The COMSTAC report linked in this article is the GSO (Geosynchronous Orbit) Forecast. Useful and available GSO slots are a scarce resource. Of course the trend will be toward fewer, more capable geosynchronous satellites.
Meanwhile, the smaller and cheaper satellites continue to make sense for low earth orbit (LEO) missions.
Without this distinction, the article pretty much misses the entire point.
Most satellites are still simple "bent-pipe" kind, send data up in one frequency, translate, send it down in another frequency.
Boeing SDC (formerly Hughes Space and Comm) was (and probably still is) the leading company in DSP payloads and only one with the expertise to space qualify an IBM ASIC, but they have a broken business model and a hard time selling it to their customers. That and they have a very out-dated bus led to market deterioration over the years.

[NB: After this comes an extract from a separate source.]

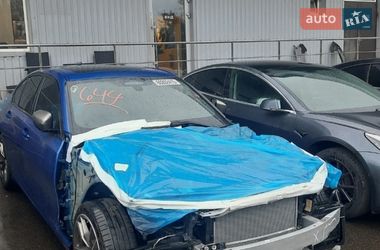 Седан BMW 3 Series 2021 в Києві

That aside, bigger satellites are just like bigger processors: it will become prohibitively expensive to develop and produce at some point. DARPA has been funding research in microsats with absolutely no redundancy and minimal radiation shielding, so you can build a Beowulf cluster with graceful degradation and a giant transmission relay (like TDRSS)
How do you launch four-fifths of a satellite? Or do you launch a whole one and the four-fifths is the fraction of the debris that stay in orbit after a collision?
It's a small world and it smells funny; I'd buy another if it wasn't for the money; Take back what I paid (SoM)
The advanced FEC in DVB-S2 has now allowed satellite transponder users to get about 10-20% more data through the satellite at the same downlink signal-to-noise ratio.
Thus many folks who have previously used DVB-S QPSK modulation are now moving to DVB-S2 8PSK modulation while retaining the same size dishes.
Of course, the other way to go is stay DVB-S2 QPSK but use smaller dishes...
Either way, DVB-S2 is making satellite transponder use more efficient, so perhaps this is marginally reducing the need for more satellites. There is a very slow move from MPEG-2 to H.264 encoding for video traffic, which is also marginally reducing the need for more satellites (actually there are a number of full-transponder analog video feeds that have not even gone to MPEG-2, but they are getting rare).
The other big force is that fiber is dominating most point-to-point applications, and satellite is being left for point-to-multipoint communications (over 100 receive sites, for example).